The Supreme Court's jurisprudence, however, provides ample evidence that Scalia has largely succeeded in his ambitious central project--the repudiation of Brennan's Constitution and the restoration of a jurisprudence grounded in the constitutional or statutory text. Not long ago, Supreme Court decisions routinely revolved around constitutional "values" or invented legislative "histories"; now, they typically follow the text of the law.

Legal scholars and journalists (even and especially those of a left-liberal persuasion) generally agree both on the increased salience of textual arguments in Supreme Court opinions and on the signal importance of this trend. Legal scholars and journalists such as the New Republic's Jeffrey Rosen are now making a sport of lambasting Justice Scalia for his alleged "activism" and infidelity to textualist principles. Coming from long-time cheerleaders of the Court's flights into a wonderland of liberal "values," the criticism is noteworthy chiefly for its mendacity. Still, it illustrates the extent to which Scalia has managed to define the terms of the debate.

The legal and media establishments have been relentlessly hostile to Scalia's project, and he has had to make do with a sharply divided Court whose direction, such as it is, seems to depend chiefly on Justice Sandra Day O'Connor's intuitions and mood swings. Why, then, is textualism carrying the day? Part of the answer lies in the force of Scalia's argument. Another and probably larger part lies in Scalia's persistence and energy, his awareness of the limits of abstract theory, and his clear understanding of the political context within which the Supreme Court operates.

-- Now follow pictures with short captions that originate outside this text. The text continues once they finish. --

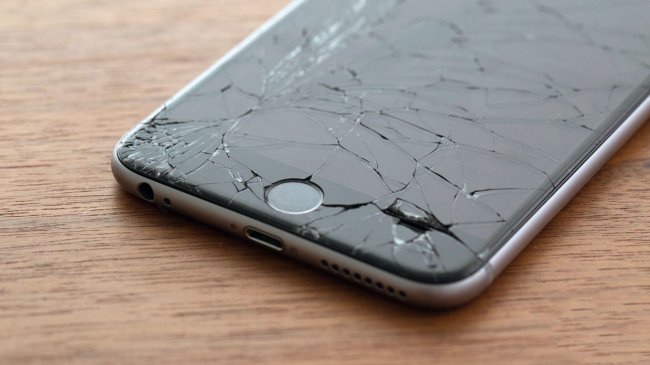 iphone-cracked-screen-1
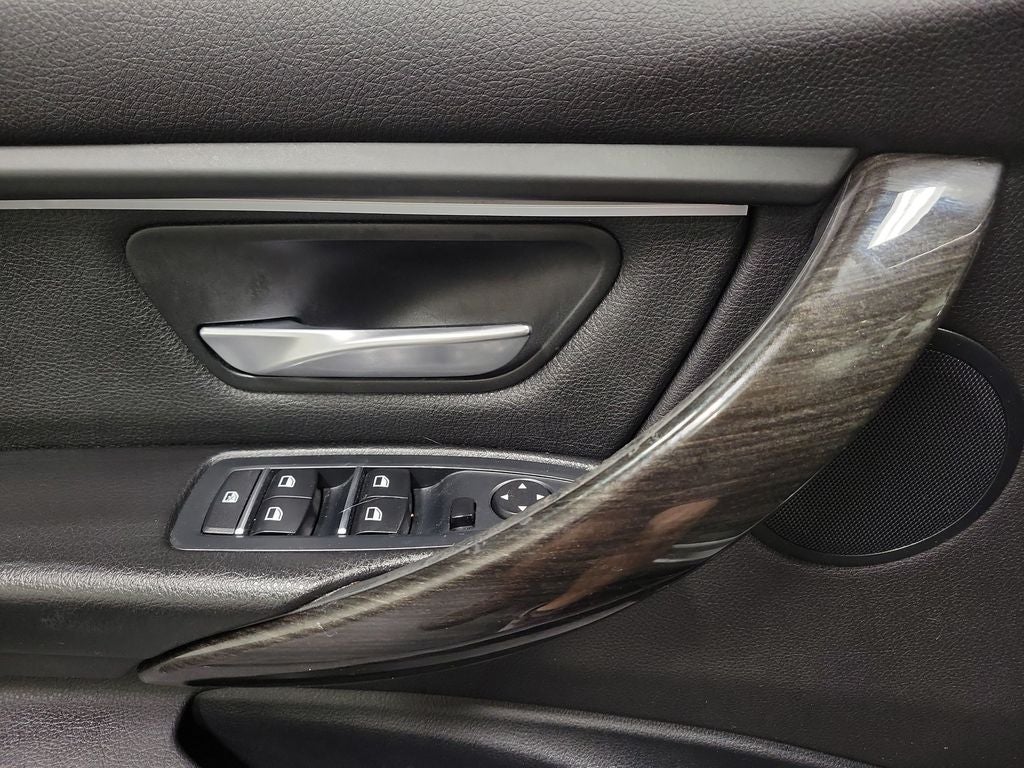 2016 BMW 3 Series 320i xDrive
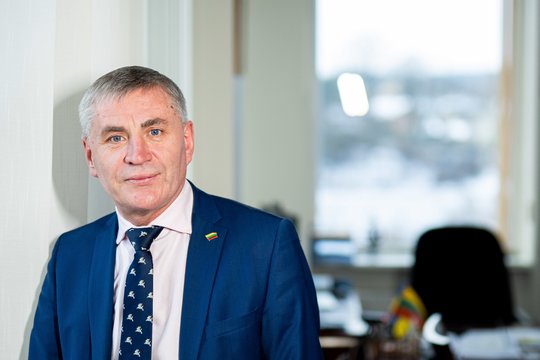 Su greitąja iš Seimo išvežtas K. Vilkauskas kreipėsi į medikus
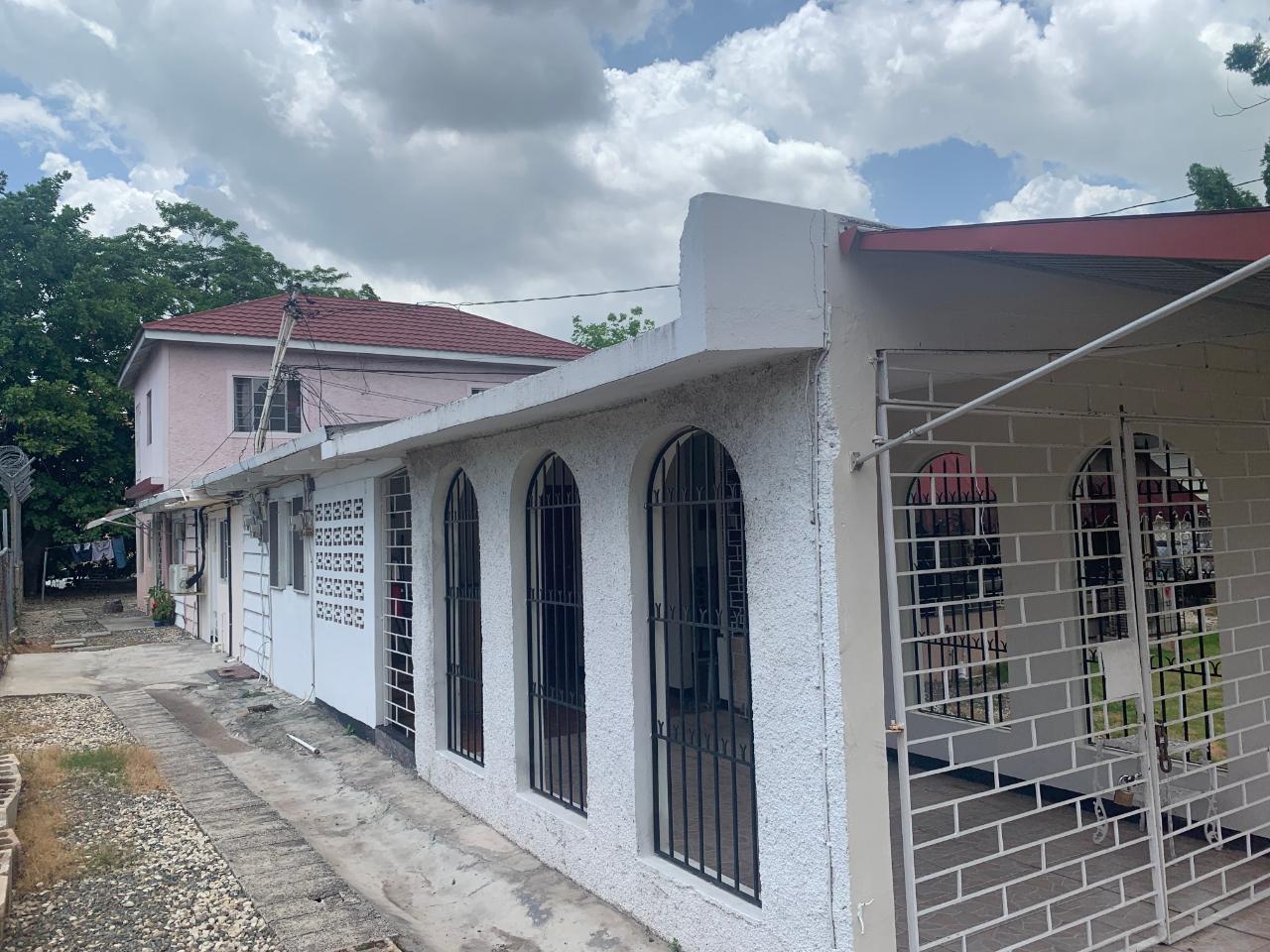 House for Sale   Kingston 10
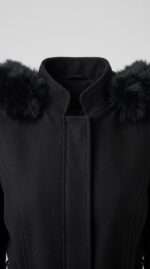 Manteau Noir Long à Col Fourrure – Élégance Orkidia – Image 4
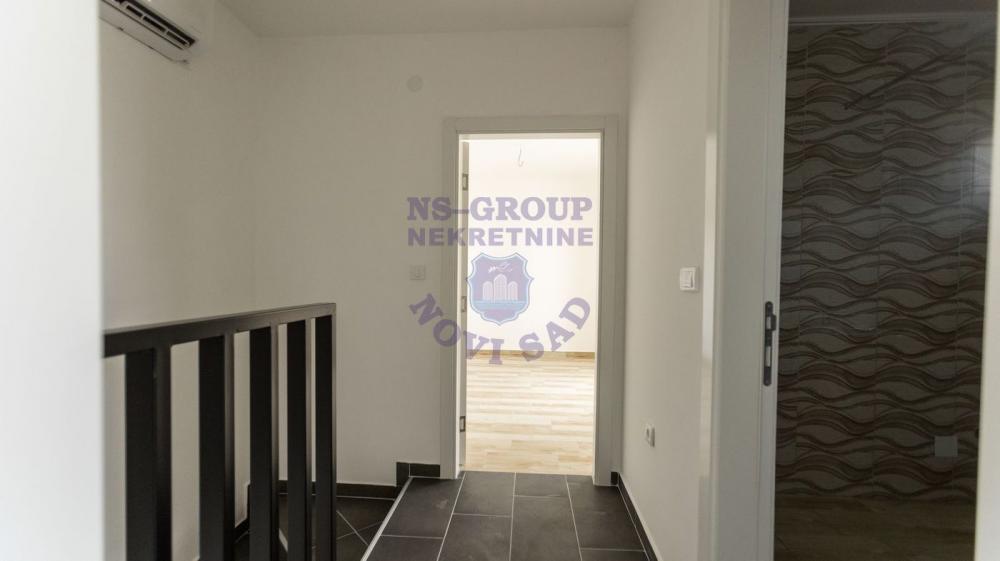 Slika 3 - Divan trosoban stan na Telepu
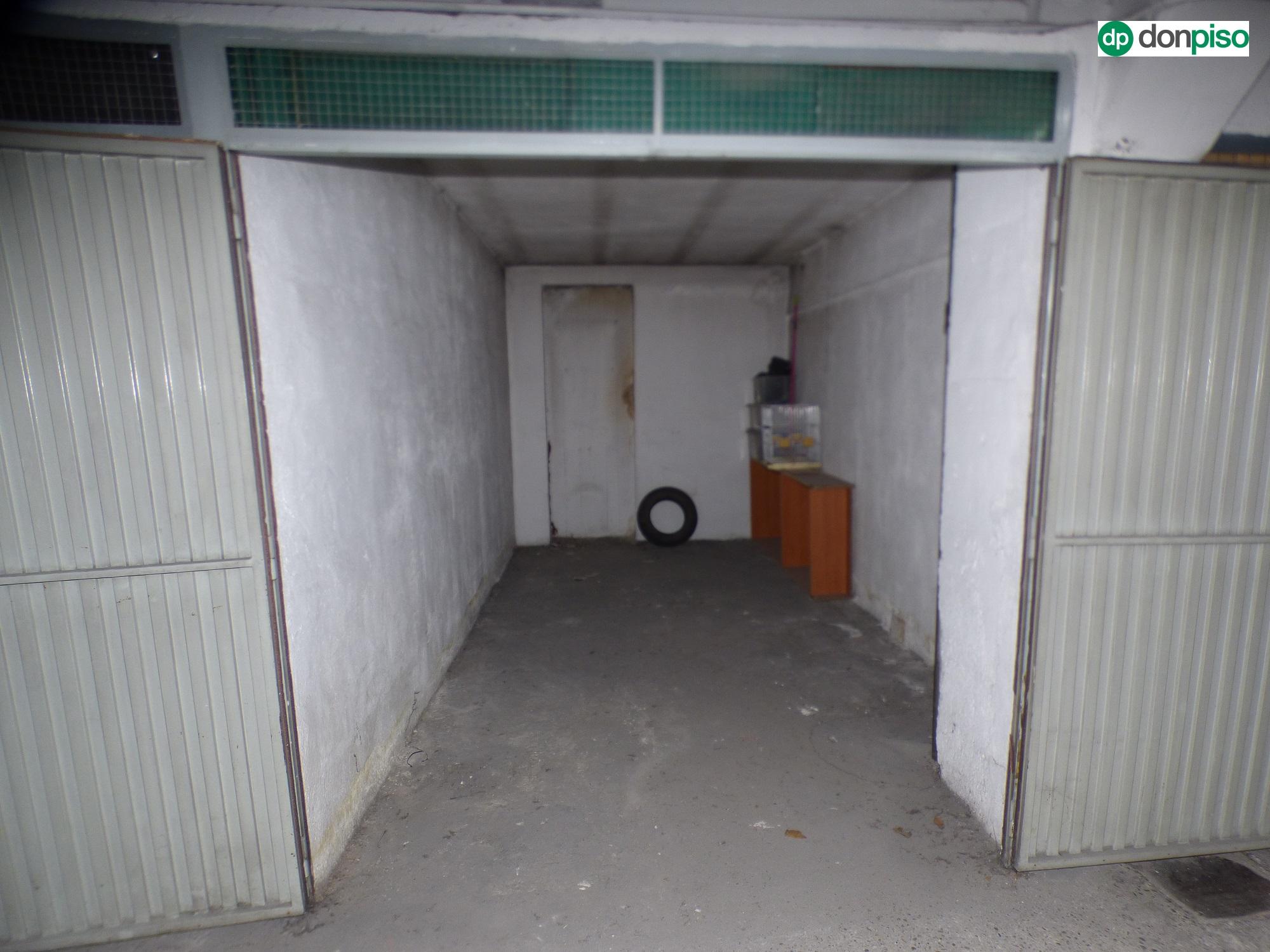 Imagen 2 Parking Coche en venta en Salamanca / Comuneros- la Alamedilla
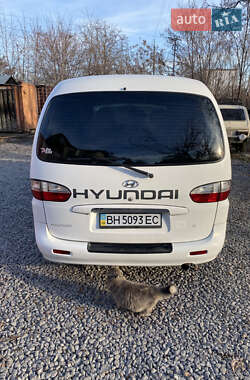 Грузовой фургон Hyundai H-1 2007 в 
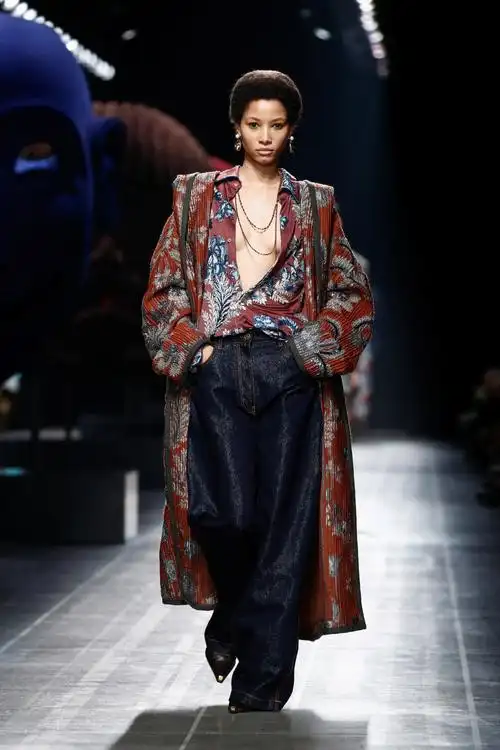 米兰时装周——埃特罗品牌时装秀(2)_腾讯新闻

A Matter of Interpretation demonstrates both the attraction of Scalia's "textualist" theory and his qualities as a judicial statesman. It consists of Scalia's lecture by that title, along with responses by Laurence Tribe and Ronald Dworkin and essays by Gordon Wood and Mary Ann Glendon. (The book also contains Scalia's reply to his critics.) Scalia's elegant essay, the most concise and accessible presentation of his views, argues eloquently that judicial authority can only be based on the statutory or constitutional text; that words have an ascertainable meaning; and that a judiciary that invents law rather than applying it lacks legitimacy and threatens democratic governance.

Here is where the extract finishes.